TASK ITEM:
Reproduce the data below in full and exclude every picture.

DATA:
◆ ◆ ◆

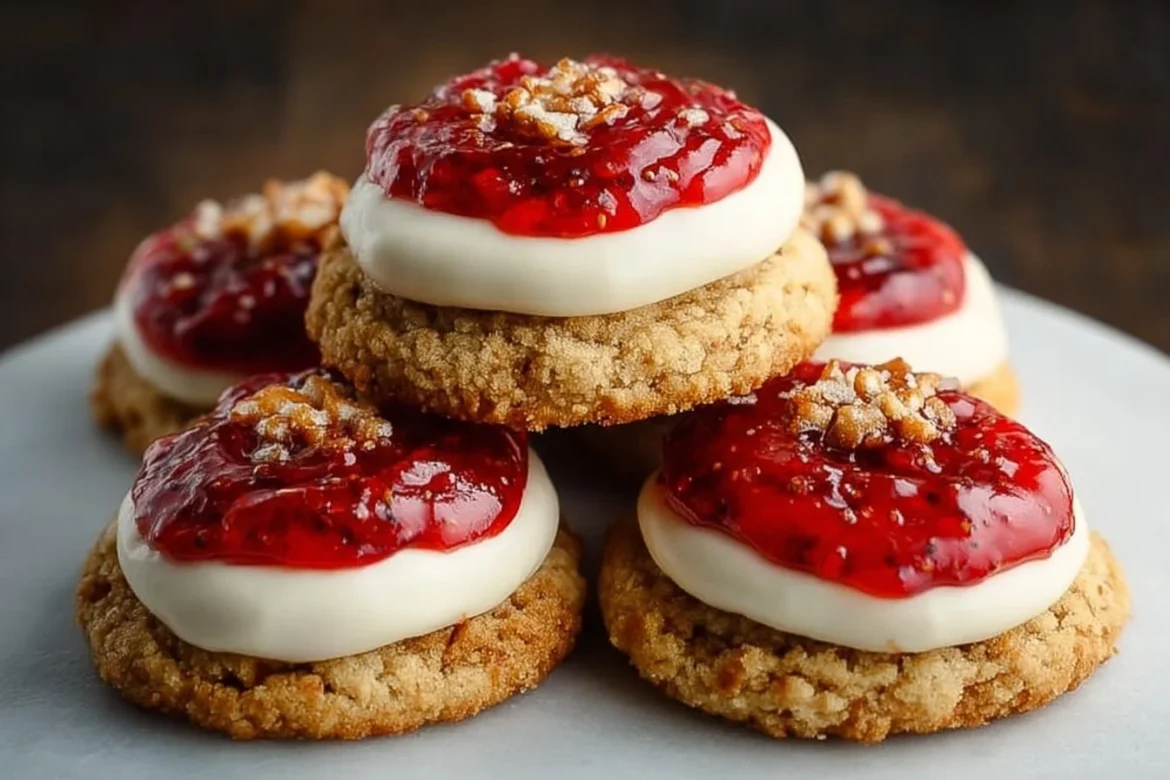 Crumbl Strawberry Pretzel Pie Cookies topped with whipped cream and strawberries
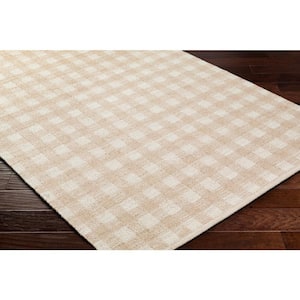 Mardin Tan Checkered 8 ft. x 10 ft. Indoor Area Rug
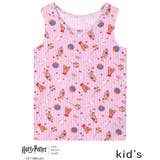 ピンク | 【ハリー ポッターコラボ】キッズ 男女児兼用トップ（ノースリーブ） | une nana cool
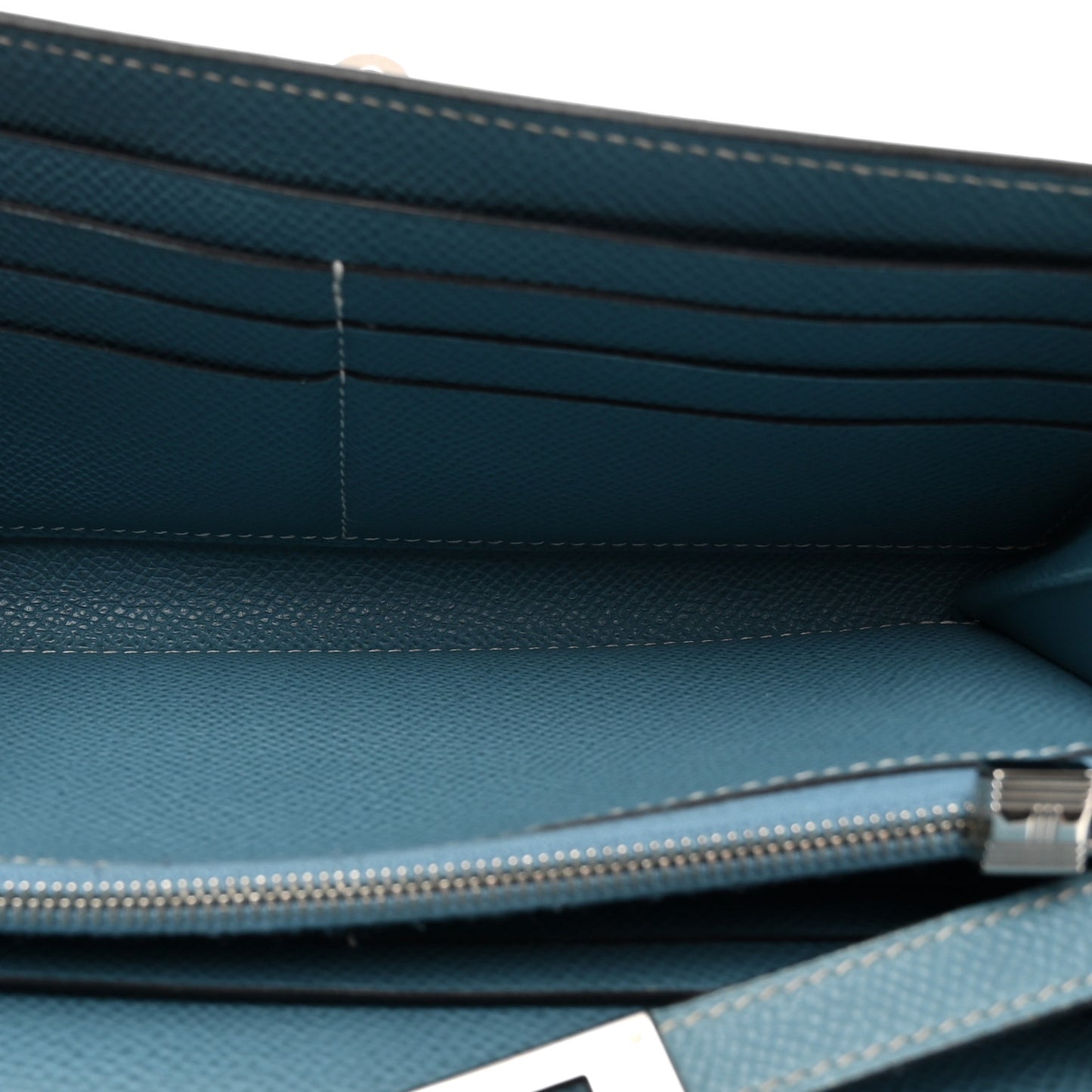 Epsom Kelly Longue Wallet Blue Jean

◆ ◆ ◆

EXPECTED ANSWER:
 Crumbl Strawberry Pretzel Pie Cookies topped with whipped cream and strawberries
 Mardin Tan Checkered 8 ft. x 10 ft. Indoor Area Rug
 ピンク | 【ハリー ポッターコラボ】キッズ 男女児兼用トップ（ノースリーブ） | une nana cool
 Epsom Kelly Longue Wallet Blue Jean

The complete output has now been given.